Question: What methods are available to accurately and efficiently calculate the sparsity structure of a finite element matrix?
Info: I'm working on a Poisson Pressure Equation solver, using Galerkin's method with a quadratic Lagrange basis, written in C, and using PETSc for sparse matrix storage and KSP routines. To use PETSc efficiently, I need to pre-allocate memory for the global stiffness matrix.
Currently, I am doing a mock assembly to estimate the number of nonzeros per row as follows(pseudocode)
for E=1 to NUM_ELTS
for i=1 to 6
gi = global index of i
if node gi is free
for j=1 to 6
gj = global index of j
if node gj is free
This, however overestimates nnz because some node-node interactions can occur in multiple elements.
I've considered trying to keep track of which i,j interactions I have found, but I am unsure how to do this without using a lot of memory.

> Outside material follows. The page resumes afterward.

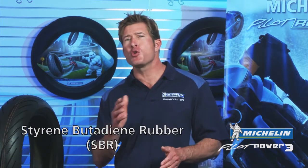The Pilot Power 3 will also give you added confidence in both wet and dry conditions. These tires take advantage of styrene butadiene rubber chemistry that optimizes the balance between wet weather performance and tread wear, and that translates into maximum wet grip.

I could also loop over the nodes, and find the support of the basis function centered at that node, but then I'd have to search through all elements for each node, which seems inefficient.

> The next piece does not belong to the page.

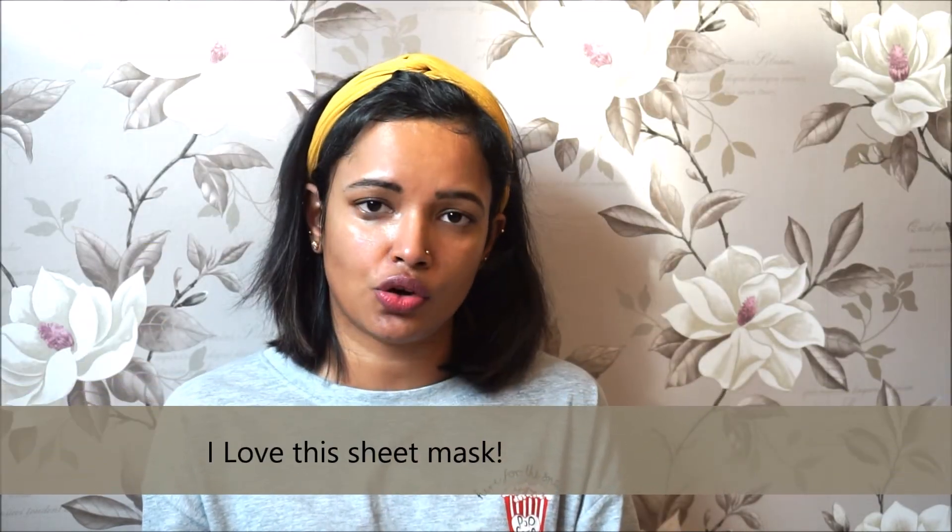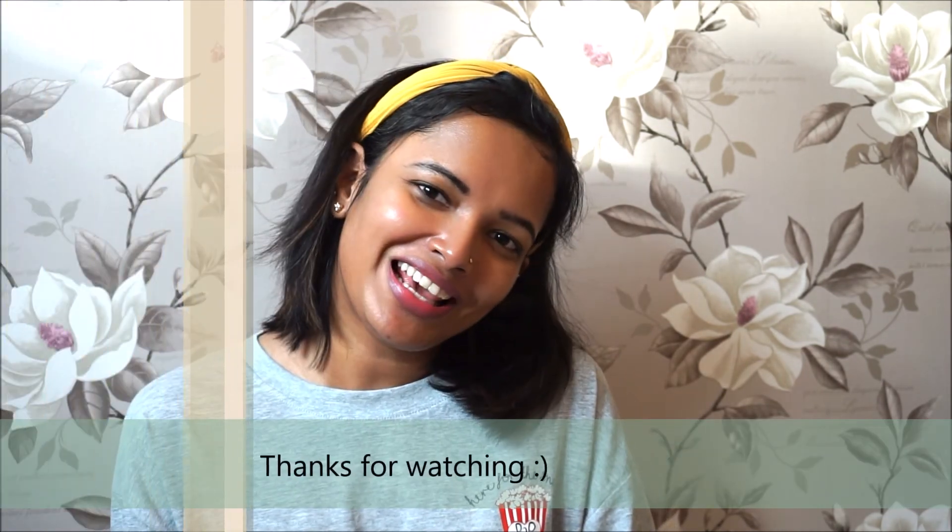I will definitely be using more of these to add that extra boost of hydration and glow to my skin. As for cons — nothing, I think it's amazing and good value for money, especially with the offers on. I highly recommend this product. Please like, share, and subscribe if you liked my first impressions on this Body Shop sheet mask, and I will see you in my next video — bye!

I found this recent question, which contained some useful information, especially from Stefano M, who wrote
my advice is to implement it in python or C, applying some graph theoretical concepts, i.e. consider elements in the matrix as edges in a graph and compute the sparsity structure of the adjacency matrix. List of lists or dictionary of keys are common choices.
I'm looking for more details and resources on this. I admittedly don't know much graph theory, and I'm not familiar with all the CS tricks that might be useful(I'm approaching this from the mathematical side).